Didier Ben Loulou
The Sincerity of the Face  [Filigranes, 2004] / Catherine Chalier
There is a secret fraternity in the faces Didier Ben Loulou photographs, a fraternity not at all dependant on a steadfast desire to celebrate human bonds but one which, despite the passions which torment the inhabitants of Jerusalem with often tragic consequences, is to be found at the heart of an extreme solitude. A solitude which fills space but does not orientate it, at least not yet. Even if on rare occasions a patch of sky or background, usually indistinct, may recall the distant presence of nature, of the world at large, this never opens up a perspective or horizon from which to look at these faces. But, conversely, neither do they invite us to perceive any particular reality from the perspective of their chiaroscuro, so everything exterior to them seems de facto unimportant. Yet this is not self-evident since these faces, do not spring from nowhere. They are still to be encountered today in Jerusalem, the photographer insists: on long walks through the Old City, if one goes down alleys where the sun never reaches, ventures into often dilapidated courtyards peopled by beings seemingly about to utter an unbearable moan but also, incomprehensibly, with an incredible vivacity. The faces Didier Ben Loulou photographs have an ardent, proud, terrible, pitiless history which, far from chilling the city to the bone, keeps it perpetually on the alert.

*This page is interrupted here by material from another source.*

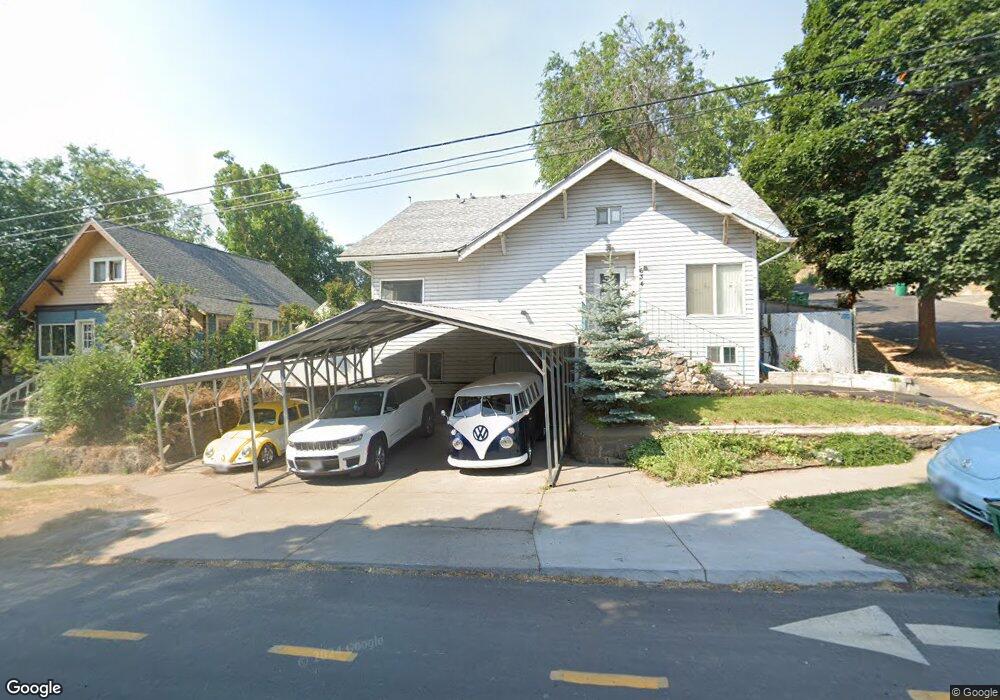 634 N 9th St, Klamath Falls, OR 97601 - photo 1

At first sight, these faces plead no cause, not even their own. Attempting to discern in them the transient or physical traits supposed to characterize a Jew, Christian or Muslim is as impossible as it is vain. And this matters little. The photographer is not judging a face, merely ‘stopping’ it – unless, that is, it is the face which gently or brutally imperatively stops him before darkness gets the better of his fragile and incommensurable presence in any communal destiny. But if the face asserts itself like this, if it prevents one from looking away at something else, if it occupies virtually the whole space, this is not because the photographer has effectively put its context to one side, forgotten about the traders’ stalls, shouts, smells and hustle bustle which fill the side streets (and also forgotten the scares which often clear them) in order to better train his camera on it. It is because the face, whether dark and grainy-skinned with age or worn by suffering one senses is tragic, unconsciously imposes silence around it, without wanting or even daring to explicitly demand this. The eyes of these faces are unaware of the photographer. They are almost always inward-trained, looking into an inner world one surmises is haunted by the trials and tribulations of a life that has known no rejoicing, by an insatiable and overwhelming distress, or by premature familiarity with cruelty. Silent eyes. An occasional thumb damaged by menial daily chores pressed into a cheek, a broken fingernail casting a frail clarity on an eye socket, the palm of a hand banishing the dazzling sun, or grubby fingers violently, almost insolently touching the mouth, either constraining it to silence or in an expression of terror. That glint which enlivens human eyes has not disappeared, but is now to be glimpsed only unexpectedly, in a furtive, almost malicious look, in the almost on-its-last-legs wisdom of an old man, or from beneath the blue headscarf of a woman whose severe features condemn resignation and refuse appeasement. It is as if the repetition of man’s deadly games had either deprived it of all gentleness or it held it deep down inside, to the extent of no longer knowing whether one could give into to it or not, in order to no longer weep and remain safe.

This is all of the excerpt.